The first call, add(0x12345, 0x54321), is translated correctly:
in_asm,cpu trace for add(0x12345, 0x54321)
----------------
IN: _ZN8qemu_bug4main17h238291d36a4a51f6E
0x00408924: e59f0044 ldr r0, [pc, #0x44]
0x00408928: e59f1044 ldr r1, [pc, #0x44]
0x0040892c: e12fff34 blx r4 <-- Call to add(0x12345, 0x54321)
R00=00000000 R01=40830000 R02=00000000 R03=40831000
R04=40830000 R05=40831000 R06=40830000 R07=40831000
R08=000f0002 R09=00000000 R10=004525f8 R11=407ff848
R12=407ff6f8 R13=407ff6f8 R14=00408924 R15=00408924
PSR=00000010 ---- A usr32
----------------
IN:
0x40830000: e0810000 add r0, r1, r0 <-- Code of ADD, as expected
0x40830004: e12fff1e bx lr
R00=00012345 R01=00054321 R02=00000000 R03=40831000
R04=40830000 R05=40831000 R06=40830000 R07=40831000
R08=000f0002 R09=00000000 R10=004525f8 R11=407ff848
R12=407ff6f8 R13=407ff6f8 R14=00408930 R15=40830000
PSR=00000010 ---- A usr32
----------------
However, the second call uses the outdated, cached instructions:
in_asm,cpu trace for sub(0xABCDE, 0xEDCBA)
----------------
IN: _ZN8qemu_bug4main17h238291d36a4a51f6E
0x004089bc: e59f0018 ldr r0, [pc, #0x18]
0x004089c0: e59f1018 ldr r1, [pc, #0x18]
0x004089c4: e12fff36 blx r6 <-- Call to sub(0xABCDE, 0xEDCBA)

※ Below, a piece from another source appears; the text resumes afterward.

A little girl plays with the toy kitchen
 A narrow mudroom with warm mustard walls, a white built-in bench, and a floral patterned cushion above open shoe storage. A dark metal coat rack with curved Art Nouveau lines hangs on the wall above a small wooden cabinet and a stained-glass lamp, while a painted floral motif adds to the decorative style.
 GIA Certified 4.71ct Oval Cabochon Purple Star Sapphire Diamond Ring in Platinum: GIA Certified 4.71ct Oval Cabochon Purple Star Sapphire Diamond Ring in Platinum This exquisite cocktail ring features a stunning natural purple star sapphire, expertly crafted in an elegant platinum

R00=00000000 R01=40830000 R02=00000000 R03=40831000
R04=40831000 R05=40831004 R06=40830000 R07=00e12fff
R08=0000e081 R09=00e08100 R10=40831000 R11=0000e12f
R12=407ff6f0 R13=407ff6f0 R14=004089bc R15=004089bc
PSR=00000010 ---- A usr32
R00=000abcde R01=000edcba R02=00000000 R03=40831000
R04=40831000 R05=40831004 R06=40830000 R07=00e12fff
R08=0000e081 R09=00e08100 R10=40831000 R11=0000e12f
R12=407ff6f0 R13=407ff6f0 R14=004089c8 R15=40830000
PSR=00000010 ---- A usr32
----------------
* New instructions are not translated; this is the epilogue of main *
IN: _ZN8qemu_bug4main17h238291d36a4a51f6E
0x004089c8: e28dd044 add sp, sp, #0x44
0x004089cc: e8bd8ff0 pop {r4, r5, r6, r7, r8, sb, sl, fp, pc}
R00=00199998 R01=000edcba R02=00000000 R03=40831000 <-- Result in R0 is 0xABCDE + 0xEDCBA
R04=40831000 R05=40831004 R06=40830000 R07=00e12fff
R08=0000e081 R09=00e08100 R10=40831000 R11=0000e12f
R12=407ff6f0 R13=407ff6f0 R14=004089c8 R15=004089c8
PSR=00000010 ---- A usr32
----------------
Indeed, looking at the register dump at the epilogue entry we have R00=00199998 which is the result of add(0xABCDE, 0xEDCBA) and not sub(0xABCDE - 0xEDCBA).